= What the exercise asks =
Every line of the material is to be given again exactly.

[Recorded data]

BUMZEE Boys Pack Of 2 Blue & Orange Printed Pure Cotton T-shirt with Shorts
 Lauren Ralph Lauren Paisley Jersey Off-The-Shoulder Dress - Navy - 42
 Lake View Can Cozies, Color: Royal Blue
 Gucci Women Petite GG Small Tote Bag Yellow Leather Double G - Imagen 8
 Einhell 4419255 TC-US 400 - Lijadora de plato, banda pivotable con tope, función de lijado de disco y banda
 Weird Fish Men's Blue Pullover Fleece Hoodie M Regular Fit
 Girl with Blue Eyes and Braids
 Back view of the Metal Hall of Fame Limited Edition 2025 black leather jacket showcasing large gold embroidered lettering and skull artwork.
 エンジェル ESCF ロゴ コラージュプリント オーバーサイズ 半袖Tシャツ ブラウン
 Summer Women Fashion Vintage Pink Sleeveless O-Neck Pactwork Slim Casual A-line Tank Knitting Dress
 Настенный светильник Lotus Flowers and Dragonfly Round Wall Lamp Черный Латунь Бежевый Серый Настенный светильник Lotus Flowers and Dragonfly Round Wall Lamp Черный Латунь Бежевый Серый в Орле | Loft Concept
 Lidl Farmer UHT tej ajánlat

[/Recorded data]

= Worked solution =
BUMZEE Boys Pack Of 2 Blue & Orange Printed Pure Cotton T-shirt with Shorts
 Lauren Ralph Lauren Paisley Jersey Off-The-Shoulder Dress - Navy - 42
 Lake View Can Cozies, Color: Royal Blue
 Gucci Women Petite GG Small Tote Bag Yellow Leather Double G - Imagen 8
 Einhell 4419255 TC-US 400 - Lijadora de plato, banda pivotable con tope, función de lijado de disco y banda
 Weird Fish Men's Blue Pullover Fleece Hoodie M Regular Fit
 Girl with Blue Eyes and Braids
 Back view of the Metal Hall of Fame Limited Edition 2025 black leather jacket showcasing large gold embroidered lettering and skull artwork.
 エンジェル ESCF ロゴ コラージュプリント オーバーサイズ 半袖Tシャツ ブラウン
 Summer Women Fashion Vintage Pink Sleeveless O-Neck Pactwork Slim Casual A-line Tank Knitting Dress
 Настенный светильник Lotus Flowers and Dragonfly Round Wall Lamp Черный Латунь Бежевый Серый Настенный светильник Lotus Flowers and Dragonfly Round Wall Lamp Черный Латунь Бежевый Серый в Орле | Loft Concept
 Lidl Farmer UHT tej ajánlat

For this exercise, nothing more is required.